Yes, these four heroic years were, not the happiest of Marie Curie's life, but the most perfect in her eyes, the nearest to those summits of the human mission toward which her gaze had been trained. When one is young and solitary and swallowed up in study, one can 'not have enough to live on' - and yet live to the fullest. An immense enthusiasm gave this girl of twenty-six the power to ignore the trials and privations she endured; to magnify her sordid existence into magic. later on, love, maternity, the worries of a wife and mother, the complexities of crushingly hard work, were to restore the visionary to real life. But in the enchanted moment when she was poorer than she was ever to be again, she was as reckless as a child. She floated lightly in another world, that which her thought was to regard always as the only pure and true one.

Each day could not be altogether excellent in an adventure like this. There were unforeseen accidents which suddenly upset everything and seemed irremediable: a fatigue impossible to surmount, a short illness requiring care. Still other, and terrifying catastrophes: the one pair of shoes, with leaky soles, gave out finally, and the purchase of new shoes became necessary.

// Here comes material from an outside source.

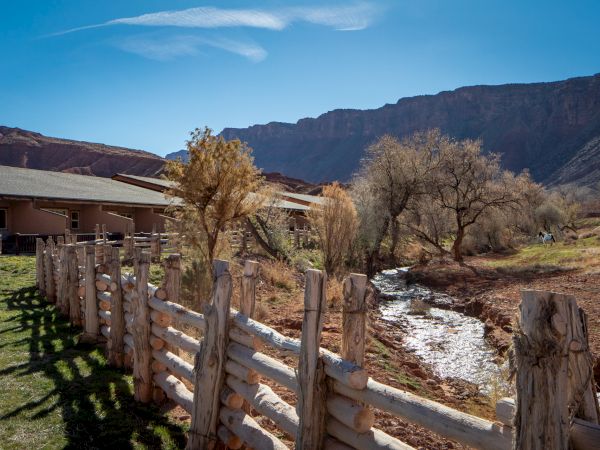 A rustic wooden fence winds beside a creek, with dry trees, a building to the left, and mountains in the background under a clear blue sky.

This meant a budget upside down for weeks, and the enormous expense had to made up at all costs, on meals or on petroleum for the lamp.

Or else the winter was longer than usual and the sixth-floor garret was icy. It was so cold that Marie could no longer sleep; she shivered and chattered with it. Her supply of coal was exhausted ... But what of that? Could a Polish girl be conquered by a Parisian winter? Marie lighted her lamp again and looked about her. She opened the fat trunk and gathered together all the garmets she possessed. She put on all she could, then, having slipped into bed, she piled the rest, her other dress, her linen, on top of the single coverlet. But it was still too cold. Marie stretched out her arm, pulled the one chair over to her, raised it and piled it, too, on top of the amassed garmets, giving herself some sort of illusion of weight and heat.

All she had to do now was wait for sleep, without moving, so as to preserve the scaffolding of which she was the living base. Meanwhile, a layer of ice was slowly forming in the water pitcher."

From: "Madame Curie: A Biography", by Eve Curie, Garden City Publishing Co., NY, 1940, pgs. 107-109, 116-118.